▸ **TASK OBJECTIVE**
Give back exactly the lines of the data below, starting with the line that has "Back River Reservoir" and going on through the line that has "Аудит сайта без воды и стратегия продвижения".

━━━━━━━━━━

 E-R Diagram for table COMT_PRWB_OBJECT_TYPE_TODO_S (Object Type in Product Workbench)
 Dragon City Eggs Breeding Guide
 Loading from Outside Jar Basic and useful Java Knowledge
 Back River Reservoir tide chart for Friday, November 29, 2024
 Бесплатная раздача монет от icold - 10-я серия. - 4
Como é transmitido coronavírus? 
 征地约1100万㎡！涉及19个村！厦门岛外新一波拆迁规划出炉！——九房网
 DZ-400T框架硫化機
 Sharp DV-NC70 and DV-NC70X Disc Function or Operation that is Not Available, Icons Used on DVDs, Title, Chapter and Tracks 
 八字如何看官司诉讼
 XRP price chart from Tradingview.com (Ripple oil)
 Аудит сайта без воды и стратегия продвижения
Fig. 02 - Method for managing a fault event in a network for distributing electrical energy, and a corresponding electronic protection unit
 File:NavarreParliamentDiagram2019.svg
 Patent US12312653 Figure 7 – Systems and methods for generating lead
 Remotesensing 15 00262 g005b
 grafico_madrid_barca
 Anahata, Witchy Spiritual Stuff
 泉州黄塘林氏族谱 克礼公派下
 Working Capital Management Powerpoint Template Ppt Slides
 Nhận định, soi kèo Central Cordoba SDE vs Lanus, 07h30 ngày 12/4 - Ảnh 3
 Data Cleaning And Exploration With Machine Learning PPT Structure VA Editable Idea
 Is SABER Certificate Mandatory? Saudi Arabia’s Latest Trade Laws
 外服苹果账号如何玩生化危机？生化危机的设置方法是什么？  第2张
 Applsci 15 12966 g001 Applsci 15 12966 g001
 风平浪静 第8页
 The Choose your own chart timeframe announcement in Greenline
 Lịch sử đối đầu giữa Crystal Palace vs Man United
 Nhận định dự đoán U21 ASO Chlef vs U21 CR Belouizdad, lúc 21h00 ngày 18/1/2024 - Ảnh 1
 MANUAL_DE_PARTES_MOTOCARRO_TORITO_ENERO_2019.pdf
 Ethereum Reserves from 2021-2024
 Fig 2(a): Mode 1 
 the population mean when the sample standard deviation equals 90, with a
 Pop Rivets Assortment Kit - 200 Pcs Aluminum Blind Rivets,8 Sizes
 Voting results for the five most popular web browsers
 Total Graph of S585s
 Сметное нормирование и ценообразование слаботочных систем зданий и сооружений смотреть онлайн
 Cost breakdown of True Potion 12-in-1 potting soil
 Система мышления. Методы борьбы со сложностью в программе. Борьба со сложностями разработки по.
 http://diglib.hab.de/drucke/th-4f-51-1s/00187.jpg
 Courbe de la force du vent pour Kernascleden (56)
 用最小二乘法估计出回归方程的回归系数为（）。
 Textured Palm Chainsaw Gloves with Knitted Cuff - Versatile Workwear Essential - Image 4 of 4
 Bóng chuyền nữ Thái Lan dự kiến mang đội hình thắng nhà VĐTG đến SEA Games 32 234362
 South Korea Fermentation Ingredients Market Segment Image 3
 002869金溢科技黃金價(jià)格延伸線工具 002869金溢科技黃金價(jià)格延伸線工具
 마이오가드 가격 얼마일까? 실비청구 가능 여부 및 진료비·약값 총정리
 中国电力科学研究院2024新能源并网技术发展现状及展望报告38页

━━━━━━━━━━

▸ **YOUR SOLUTION**
 Back River Reservoir tide chart for Friday, November 29, 2024
 Бесплатная раздача монет от icold - 10-я серия. - 4
Como é transmitido coronavírus? 
 征地约1100万㎡！涉及19个村！厦门岛外新一波拆迁规划出炉！——九房网
 DZ-400T框架硫化機
 Sharp DV-NC70 and DV-NC70X Disc Function or Operation that is Not Available, Icons Used on DVDs, Title, Chapter and Tracks 
 八字如何看官司诉讼
 XRP price chart from Tradingview.com (Ripple oil)
 Аудит сайта без воды и стратегия продвижения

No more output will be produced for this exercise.